## PROVIDED DATA

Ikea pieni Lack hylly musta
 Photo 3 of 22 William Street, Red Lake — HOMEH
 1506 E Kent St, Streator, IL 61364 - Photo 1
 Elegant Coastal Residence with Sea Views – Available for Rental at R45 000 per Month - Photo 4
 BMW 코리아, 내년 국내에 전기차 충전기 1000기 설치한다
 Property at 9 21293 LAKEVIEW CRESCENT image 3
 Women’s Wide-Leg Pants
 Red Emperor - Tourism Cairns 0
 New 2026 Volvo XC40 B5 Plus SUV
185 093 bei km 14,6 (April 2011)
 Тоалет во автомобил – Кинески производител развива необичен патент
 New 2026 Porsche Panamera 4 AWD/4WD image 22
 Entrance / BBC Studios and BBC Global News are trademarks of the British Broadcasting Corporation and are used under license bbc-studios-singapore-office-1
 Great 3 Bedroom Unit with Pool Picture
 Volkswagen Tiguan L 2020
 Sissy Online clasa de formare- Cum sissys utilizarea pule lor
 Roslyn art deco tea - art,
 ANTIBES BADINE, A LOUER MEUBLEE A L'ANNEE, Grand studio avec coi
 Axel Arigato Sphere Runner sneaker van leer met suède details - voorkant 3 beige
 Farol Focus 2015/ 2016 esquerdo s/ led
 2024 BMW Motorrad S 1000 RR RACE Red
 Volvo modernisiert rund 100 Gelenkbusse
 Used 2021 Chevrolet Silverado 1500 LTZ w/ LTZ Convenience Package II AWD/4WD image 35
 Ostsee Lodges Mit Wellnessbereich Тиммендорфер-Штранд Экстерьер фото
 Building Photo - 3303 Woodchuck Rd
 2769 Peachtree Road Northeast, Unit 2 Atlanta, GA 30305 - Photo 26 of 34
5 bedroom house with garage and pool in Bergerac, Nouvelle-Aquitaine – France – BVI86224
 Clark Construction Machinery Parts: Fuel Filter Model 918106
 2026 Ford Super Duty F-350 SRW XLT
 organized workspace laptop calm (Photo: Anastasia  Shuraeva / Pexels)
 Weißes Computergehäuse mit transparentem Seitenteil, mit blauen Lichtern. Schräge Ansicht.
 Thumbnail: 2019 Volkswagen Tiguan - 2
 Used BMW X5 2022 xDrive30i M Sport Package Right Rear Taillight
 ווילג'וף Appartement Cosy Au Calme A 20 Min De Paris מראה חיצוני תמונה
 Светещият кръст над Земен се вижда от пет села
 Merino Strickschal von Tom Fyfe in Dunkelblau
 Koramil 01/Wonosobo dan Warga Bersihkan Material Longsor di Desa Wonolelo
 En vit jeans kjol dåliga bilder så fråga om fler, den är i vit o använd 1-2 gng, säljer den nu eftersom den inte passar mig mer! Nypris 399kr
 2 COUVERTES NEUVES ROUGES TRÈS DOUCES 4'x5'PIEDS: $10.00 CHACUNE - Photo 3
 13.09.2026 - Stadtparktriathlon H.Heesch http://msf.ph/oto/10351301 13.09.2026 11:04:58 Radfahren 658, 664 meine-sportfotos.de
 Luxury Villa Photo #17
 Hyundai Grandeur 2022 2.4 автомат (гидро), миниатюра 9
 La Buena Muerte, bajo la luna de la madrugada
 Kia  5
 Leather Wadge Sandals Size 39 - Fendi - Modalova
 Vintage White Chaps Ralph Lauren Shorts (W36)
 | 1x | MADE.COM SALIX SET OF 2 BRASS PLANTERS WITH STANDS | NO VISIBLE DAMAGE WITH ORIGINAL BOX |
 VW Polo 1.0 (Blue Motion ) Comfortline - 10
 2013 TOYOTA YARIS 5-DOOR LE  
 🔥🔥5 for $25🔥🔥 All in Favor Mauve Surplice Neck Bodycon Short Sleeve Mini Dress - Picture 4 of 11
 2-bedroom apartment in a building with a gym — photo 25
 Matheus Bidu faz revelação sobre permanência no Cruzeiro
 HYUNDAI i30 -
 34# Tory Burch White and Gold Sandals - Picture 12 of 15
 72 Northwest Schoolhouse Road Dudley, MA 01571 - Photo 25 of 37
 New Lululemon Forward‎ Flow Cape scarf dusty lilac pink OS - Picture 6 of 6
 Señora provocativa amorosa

## INSTRUCTIONS FOR THE TASK
Restate the material above word for word, leaving nothing out.

## ANSWER SPACE
Ikea pieni Lack hylly musta
 Photo 3 of 22 William Street, Red Lake — HOMEH
 1506 E Kent St, Streator, IL 61364 - Photo 1
 Elegant Coastal Residence with Sea Views – Available for Rental at R45 000 per Month - Photo 4
 BMW 코리아, 내년 국내에 전기차 충전기 1000기 설치한다
 Property at 9 21293 LAKEVIEW CRESCENT image 3
 Women’s Wide-Leg Pants
 Red Emperor - Tourism Cairns 0
 New 2026 Volvo XC40 B5 Plus SUV
185 093 bei km 14,6 (April 2011)
 Тоалет во автомобил – Кинески производител развива необичен патент
 New 2026 Porsche Panamera 4 AWD/4WD image 22
 Entrance / BBC Studios and BBC Global News are trademarks of the British Broadcasting Corporation and are used under license bbc-studios-singapore-office-1
 Great 3 Bedroom Unit with Pool Picture
 Volkswagen Tiguan L 2020
 Sissy Online clasa de formare- Cum sissys utilizarea pule lor
 Roslyn art deco tea - art,
 ANTIBES BADINE, A LOUER MEUBLEE A L'ANNEE, Grand studio avec coi
 Axel Arigato Sphere Runner sneaker van leer met suède details - voorkant 3 beige
 Farol Focus 2015/ 2016 esquerdo s/ led
 2024 BMW Motorrad S 1000 RR RACE Red
 Volvo modernisiert rund 100 Gelenkbusse
 Used 2021 Chevrolet Silverado 1500 LTZ w/ LTZ Convenience Package II AWD/4WD image 35
 Ostsee Lodges Mit Wellnessbereich Тиммендорфер-Штранд Экстерьер фото
 Building Photo - 3303 Woodchuck Rd
 2769 Peachtree Road Northeast, Unit 2 Atlanta, GA 30305 - Photo 26 of 34
5 bedroom house with garage and pool in Bergerac, Nouvelle-Aquitaine – France – BVI86224
 Clark Construction Machinery Parts: Fuel Filter Model 918106
 2026 Ford Super Duty F-350 SRW XLT
 organized workspace laptop calm (Photo: Anastasia  Shuraeva / Pexels)
 Weißes Computergehäuse mit transparentem Seitenteil, mit blauen Lichtern. Schräge Ansicht.
 Thumbnail: 2019 Volkswagen Tiguan - 2
 Used BMW X5 2022 xDrive30i M Sport Package Right Rear Taillight
 ווילג'וף Appartement Cosy Au Calme A 20 Min De Paris מראה חיצוני תמונה
 Светещият кръст над Земен се вижда от пет села
 Merino Strickschal von Tom Fyfe in Dunkelblau
 Koramil 01/Wonosobo dan Warga Bersihkan Material Longsor di Desa Wonolelo
 En vit jeans kjol dåliga bilder så fråga om fler, den är i vit o använd 1-2 gng, säljer den nu eftersom den inte passar mig mer! Nypris 399kr
 2 COUVERTES NEUVES ROUGES TRÈS DOUCES 4'x5'PIEDS: $10.00 CHACUNE - Photo 3
 13.09.2026 - Stadtparktriathlon H.Heesch http://msf.ph/oto/10351301 13.09.2026 11:04:58 Radfahren 658, 664 meine-sportfotos.de
 Luxury Villa Photo #17
 Hyundai Grandeur 2022 2.4 автомат (гидро), миниатюра 9
 La Buena Muerte, bajo la luna de la madrugada
 Kia  5
 Leather Wadge Sandals Size 39 - Fendi - Modalova
 Vintage White Chaps Ralph Lauren Shorts (W36)
 | 1x | MADE.COM SALIX SET OF 2 BRASS PLANTERS WITH STANDS | NO VISIBLE DAMAGE WITH ORIGINAL BOX |
 VW Polo 1.0 (Blue Motion ) Comfortline - 10
 2013 TOYOTA YARIS 5-DOOR LE  
 🔥🔥5 for $25🔥🔥 All in Favor Mauve Surplice Neck Bodycon Short Sleeve Mini Dress - Picture 4 of 11
 2-bedroom apartment in a building with a gym — photo 25
 Matheus Bidu faz revelação sobre permanência no Cruzeiro
 HYUNDAI i30 -
 34# Tory Burch White and Gold Sandals - Picture 12 of 15
 72 Northwest Schoolhouse Road Dudley, MA 01571 - Photo 25 of 37
 New Lululemon Forward‎ Flow Cape scarf dusty lilac pink OS - Picture 6 of 6
 Señora provocativa amorosa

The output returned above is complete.